Build a Convolutional Neural Network from Scratch using Numpy

As Computer Vision applications are now present everywhere in our daily lives, it is fundamental for every Data Science practitioner to understand their functioning principles and familiarize themselves with them.
In this article, I built a Deep Neural Network without relying on popular modern deep learning libraries like Tensorflow, Pytorch, and Keras. I then classified images of handwritten digits with it. While the achieved results didn't reach state-of-the-art levels, they were nevertheless satisfactory. Now, I want to take a further step in developing a Convolutional Neural Network (CNN) using only the Python library Numpy.
Python deep learning libraries, like the ones mentioned above, are extremely powerful tools. However, as a downside, they shield Data Science practitioners from understanding the low-level functioning principles of Neural Networks.

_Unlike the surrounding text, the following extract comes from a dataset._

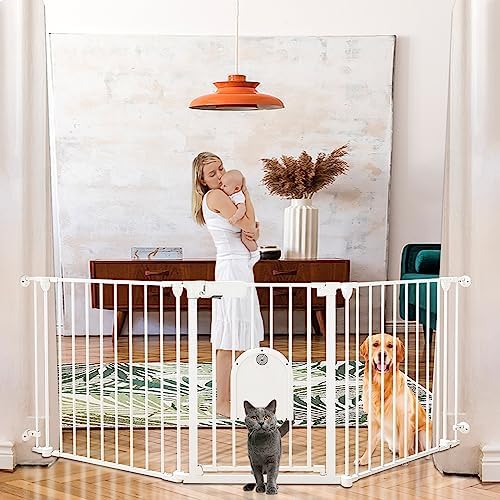 Tukwslo 70.8 Inch Extra Wide Baby Gate, Dog Gated for The House Extra Wide, Auto-Close 3 Panel Includes Hardware Mounted White(30" Tall)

This is especially true with CNNs, as their processes are less intuitive compared with the classical fully connected networks. The only way to address this issue is to get our hands dirty and implement CNNs ourselves: this is the motivation behind this task.
This article is intended as a practical, hands-on guide rather than a comprehensive guide of CNN functioning principles. As a consequence, the theoretical part is concise and mostly serves the understanding of the practical section. For this reason, you will find an exhaustive list of resources at the end of this post. I warmly invite you to check them out!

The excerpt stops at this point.